EXCERPTED RECORDS section start

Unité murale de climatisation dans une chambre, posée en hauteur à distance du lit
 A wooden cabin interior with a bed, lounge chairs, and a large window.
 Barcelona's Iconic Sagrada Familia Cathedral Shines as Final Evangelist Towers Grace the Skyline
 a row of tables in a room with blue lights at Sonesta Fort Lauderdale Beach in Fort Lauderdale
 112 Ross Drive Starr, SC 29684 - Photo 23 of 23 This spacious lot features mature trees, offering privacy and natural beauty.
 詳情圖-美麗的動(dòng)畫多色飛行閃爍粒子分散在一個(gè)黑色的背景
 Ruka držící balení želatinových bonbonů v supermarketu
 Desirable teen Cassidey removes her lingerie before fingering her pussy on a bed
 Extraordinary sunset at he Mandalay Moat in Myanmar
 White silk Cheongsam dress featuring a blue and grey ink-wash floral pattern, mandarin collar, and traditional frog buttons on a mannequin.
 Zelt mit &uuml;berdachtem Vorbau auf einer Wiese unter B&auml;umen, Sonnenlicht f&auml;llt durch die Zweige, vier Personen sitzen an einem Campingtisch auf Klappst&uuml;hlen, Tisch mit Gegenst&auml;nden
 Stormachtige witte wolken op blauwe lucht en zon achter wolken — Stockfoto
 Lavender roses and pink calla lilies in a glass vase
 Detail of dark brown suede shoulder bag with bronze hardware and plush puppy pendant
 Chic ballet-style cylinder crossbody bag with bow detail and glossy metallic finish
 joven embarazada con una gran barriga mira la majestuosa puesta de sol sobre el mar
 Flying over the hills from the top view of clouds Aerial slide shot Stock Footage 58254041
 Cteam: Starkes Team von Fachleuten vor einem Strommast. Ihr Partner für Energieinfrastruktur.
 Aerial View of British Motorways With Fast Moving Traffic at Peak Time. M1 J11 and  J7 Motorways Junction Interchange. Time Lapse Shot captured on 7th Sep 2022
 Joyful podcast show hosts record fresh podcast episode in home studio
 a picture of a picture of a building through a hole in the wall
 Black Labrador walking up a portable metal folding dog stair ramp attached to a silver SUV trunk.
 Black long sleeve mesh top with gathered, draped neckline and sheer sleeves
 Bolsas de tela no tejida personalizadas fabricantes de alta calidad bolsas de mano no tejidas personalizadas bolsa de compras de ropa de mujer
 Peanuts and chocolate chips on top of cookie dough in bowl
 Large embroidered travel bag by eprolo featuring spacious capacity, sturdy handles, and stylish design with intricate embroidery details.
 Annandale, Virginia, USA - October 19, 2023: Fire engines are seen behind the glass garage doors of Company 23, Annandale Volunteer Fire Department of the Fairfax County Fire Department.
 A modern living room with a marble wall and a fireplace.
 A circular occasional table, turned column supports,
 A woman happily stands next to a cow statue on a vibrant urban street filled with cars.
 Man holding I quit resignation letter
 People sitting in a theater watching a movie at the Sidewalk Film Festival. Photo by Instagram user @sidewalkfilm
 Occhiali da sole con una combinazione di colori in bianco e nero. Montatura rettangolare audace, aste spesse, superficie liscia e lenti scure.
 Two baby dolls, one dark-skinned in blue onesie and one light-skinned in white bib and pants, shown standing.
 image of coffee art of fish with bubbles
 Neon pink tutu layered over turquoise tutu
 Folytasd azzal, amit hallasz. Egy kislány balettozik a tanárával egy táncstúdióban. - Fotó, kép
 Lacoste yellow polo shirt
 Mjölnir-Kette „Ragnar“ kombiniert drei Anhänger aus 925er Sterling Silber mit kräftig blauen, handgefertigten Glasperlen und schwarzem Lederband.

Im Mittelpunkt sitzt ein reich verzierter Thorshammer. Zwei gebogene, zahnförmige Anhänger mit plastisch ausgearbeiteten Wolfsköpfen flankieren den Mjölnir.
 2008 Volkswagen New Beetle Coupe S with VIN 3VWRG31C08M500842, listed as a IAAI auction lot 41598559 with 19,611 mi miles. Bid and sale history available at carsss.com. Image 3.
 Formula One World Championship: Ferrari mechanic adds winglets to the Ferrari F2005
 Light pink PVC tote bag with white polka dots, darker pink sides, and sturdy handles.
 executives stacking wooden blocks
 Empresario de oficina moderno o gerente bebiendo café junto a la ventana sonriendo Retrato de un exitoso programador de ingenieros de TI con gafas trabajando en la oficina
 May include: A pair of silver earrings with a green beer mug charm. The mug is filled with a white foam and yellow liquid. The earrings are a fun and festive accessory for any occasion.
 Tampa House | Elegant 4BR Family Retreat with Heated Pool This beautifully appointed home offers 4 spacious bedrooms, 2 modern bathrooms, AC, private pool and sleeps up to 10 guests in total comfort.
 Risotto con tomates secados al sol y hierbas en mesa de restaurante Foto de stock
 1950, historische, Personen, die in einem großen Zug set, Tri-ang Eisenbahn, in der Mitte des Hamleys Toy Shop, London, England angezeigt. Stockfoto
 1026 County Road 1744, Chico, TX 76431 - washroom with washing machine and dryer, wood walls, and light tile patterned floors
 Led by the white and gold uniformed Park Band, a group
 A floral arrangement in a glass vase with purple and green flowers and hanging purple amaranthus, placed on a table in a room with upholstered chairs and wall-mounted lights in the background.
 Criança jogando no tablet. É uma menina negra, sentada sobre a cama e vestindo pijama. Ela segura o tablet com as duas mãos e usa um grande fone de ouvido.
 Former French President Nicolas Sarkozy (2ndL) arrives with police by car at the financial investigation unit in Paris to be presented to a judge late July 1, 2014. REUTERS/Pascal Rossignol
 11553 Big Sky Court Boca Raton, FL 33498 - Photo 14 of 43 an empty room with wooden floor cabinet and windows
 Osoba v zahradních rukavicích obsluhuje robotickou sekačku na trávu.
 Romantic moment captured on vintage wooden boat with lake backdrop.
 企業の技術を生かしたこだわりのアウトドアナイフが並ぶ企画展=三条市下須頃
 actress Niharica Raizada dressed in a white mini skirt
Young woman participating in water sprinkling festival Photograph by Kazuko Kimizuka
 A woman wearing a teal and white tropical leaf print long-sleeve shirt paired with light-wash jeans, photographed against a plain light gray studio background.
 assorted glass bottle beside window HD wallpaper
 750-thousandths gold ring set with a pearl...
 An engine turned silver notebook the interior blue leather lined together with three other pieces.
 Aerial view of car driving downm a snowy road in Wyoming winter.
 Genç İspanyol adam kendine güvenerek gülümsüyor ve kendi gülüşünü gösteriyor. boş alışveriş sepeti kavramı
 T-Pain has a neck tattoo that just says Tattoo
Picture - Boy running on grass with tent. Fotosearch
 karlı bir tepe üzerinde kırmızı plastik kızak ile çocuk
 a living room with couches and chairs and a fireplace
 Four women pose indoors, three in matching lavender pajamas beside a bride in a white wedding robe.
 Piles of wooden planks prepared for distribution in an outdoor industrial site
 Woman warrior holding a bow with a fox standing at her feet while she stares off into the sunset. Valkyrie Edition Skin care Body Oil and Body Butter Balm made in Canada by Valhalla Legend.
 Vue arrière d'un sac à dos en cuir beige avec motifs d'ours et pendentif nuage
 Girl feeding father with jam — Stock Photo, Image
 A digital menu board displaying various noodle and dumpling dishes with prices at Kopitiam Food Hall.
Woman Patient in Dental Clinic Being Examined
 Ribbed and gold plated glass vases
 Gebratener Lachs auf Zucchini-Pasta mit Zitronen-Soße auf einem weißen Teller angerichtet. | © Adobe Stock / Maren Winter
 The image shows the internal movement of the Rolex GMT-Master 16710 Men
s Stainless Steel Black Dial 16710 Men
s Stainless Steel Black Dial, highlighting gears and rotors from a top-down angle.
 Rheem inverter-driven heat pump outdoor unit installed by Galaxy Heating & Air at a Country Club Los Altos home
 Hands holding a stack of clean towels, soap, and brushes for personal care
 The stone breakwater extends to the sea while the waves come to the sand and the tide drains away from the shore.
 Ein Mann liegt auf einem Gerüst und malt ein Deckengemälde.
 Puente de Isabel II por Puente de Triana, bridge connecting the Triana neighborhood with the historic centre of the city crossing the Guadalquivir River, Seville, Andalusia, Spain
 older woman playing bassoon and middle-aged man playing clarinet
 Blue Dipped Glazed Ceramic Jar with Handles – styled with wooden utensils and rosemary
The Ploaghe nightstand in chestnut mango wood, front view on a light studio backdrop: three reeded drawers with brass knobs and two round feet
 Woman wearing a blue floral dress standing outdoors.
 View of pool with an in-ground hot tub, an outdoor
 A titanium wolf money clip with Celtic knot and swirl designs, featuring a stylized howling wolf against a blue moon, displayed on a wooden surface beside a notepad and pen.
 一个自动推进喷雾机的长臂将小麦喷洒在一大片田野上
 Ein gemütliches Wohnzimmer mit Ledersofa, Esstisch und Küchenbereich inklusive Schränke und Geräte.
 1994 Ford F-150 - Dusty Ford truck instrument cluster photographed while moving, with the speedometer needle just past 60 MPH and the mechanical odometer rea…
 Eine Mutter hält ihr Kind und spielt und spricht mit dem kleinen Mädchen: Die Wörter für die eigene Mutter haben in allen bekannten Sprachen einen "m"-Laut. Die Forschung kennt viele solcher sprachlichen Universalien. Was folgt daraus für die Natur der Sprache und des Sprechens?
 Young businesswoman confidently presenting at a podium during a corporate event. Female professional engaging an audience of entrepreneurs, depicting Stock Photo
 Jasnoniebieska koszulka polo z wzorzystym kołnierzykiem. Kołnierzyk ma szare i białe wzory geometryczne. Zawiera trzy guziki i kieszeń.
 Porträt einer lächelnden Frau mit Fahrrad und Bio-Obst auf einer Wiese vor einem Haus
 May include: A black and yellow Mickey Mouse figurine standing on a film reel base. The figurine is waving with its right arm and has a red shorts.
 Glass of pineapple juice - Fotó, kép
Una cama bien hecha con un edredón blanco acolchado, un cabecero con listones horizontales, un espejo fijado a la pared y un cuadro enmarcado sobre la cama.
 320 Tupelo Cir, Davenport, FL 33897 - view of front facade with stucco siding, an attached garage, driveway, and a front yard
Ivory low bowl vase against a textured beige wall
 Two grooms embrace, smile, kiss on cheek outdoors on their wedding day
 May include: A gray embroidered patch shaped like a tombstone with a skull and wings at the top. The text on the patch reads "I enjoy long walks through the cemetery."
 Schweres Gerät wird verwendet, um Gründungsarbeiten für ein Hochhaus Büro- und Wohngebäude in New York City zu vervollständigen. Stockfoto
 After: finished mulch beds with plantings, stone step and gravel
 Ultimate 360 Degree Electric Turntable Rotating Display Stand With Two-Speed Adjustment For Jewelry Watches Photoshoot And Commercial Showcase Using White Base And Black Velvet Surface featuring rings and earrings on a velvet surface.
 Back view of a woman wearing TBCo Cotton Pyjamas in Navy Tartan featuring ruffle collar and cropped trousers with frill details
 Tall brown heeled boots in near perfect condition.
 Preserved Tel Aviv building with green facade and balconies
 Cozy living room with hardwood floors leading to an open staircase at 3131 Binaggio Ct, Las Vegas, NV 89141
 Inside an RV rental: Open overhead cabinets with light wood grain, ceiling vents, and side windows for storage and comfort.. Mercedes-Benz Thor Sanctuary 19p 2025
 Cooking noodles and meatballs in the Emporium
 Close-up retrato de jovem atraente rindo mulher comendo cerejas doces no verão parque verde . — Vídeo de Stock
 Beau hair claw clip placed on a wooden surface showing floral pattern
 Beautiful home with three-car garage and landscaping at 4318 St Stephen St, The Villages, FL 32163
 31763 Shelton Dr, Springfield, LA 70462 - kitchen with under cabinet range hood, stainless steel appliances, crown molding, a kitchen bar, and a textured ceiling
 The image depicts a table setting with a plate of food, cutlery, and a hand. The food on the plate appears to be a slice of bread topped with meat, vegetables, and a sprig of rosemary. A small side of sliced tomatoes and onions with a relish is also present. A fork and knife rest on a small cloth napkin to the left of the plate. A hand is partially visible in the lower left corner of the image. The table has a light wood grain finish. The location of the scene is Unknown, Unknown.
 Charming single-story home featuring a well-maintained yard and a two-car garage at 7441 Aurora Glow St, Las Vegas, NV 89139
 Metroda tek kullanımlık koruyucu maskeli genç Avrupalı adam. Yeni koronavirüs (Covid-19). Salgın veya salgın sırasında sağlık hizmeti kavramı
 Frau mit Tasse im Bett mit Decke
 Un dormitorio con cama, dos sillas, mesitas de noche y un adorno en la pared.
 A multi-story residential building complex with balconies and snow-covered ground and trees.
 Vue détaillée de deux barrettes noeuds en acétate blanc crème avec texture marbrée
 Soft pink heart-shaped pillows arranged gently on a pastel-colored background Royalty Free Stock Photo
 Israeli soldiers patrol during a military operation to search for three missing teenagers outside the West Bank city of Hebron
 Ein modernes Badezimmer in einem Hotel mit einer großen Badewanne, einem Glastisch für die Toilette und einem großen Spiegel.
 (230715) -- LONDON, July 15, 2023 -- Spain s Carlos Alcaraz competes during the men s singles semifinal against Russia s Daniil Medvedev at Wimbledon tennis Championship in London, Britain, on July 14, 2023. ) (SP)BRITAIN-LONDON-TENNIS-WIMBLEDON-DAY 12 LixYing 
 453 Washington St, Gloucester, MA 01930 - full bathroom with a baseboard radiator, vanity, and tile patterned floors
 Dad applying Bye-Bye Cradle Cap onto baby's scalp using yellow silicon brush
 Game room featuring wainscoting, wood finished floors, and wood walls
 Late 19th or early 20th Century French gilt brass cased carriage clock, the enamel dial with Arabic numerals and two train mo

EXCERPTED RECORDS section end

EXERCISE REQUIREMENTS:
Using the records above, restate word for word the lines from the one with "(230715) -- LONDON, July" through the one with "Dad applying Bye-Bye", both included.

EXERCISE ANSWER:
 (230715) -- LONDON, July 15, 2023 -- Spain s Carlos Alcaraz competes during the men s singles semifinal against Russia s Daniil Medvedev at Wimbledon tennis Championship in London, Britain, on July 14, 2023. ) (SP)BRITAIN-LONDON-TENNIS-WIMBLEDON-DAY 12 LixYing 
 453 Washington St, Gloucester, MA 01930 - full bathroom with a baseboard radiator, vanity, and tile patterned floors
 Dad applying Bye-Bye Cradle Cap onto baby's scalp using yellow silicon brush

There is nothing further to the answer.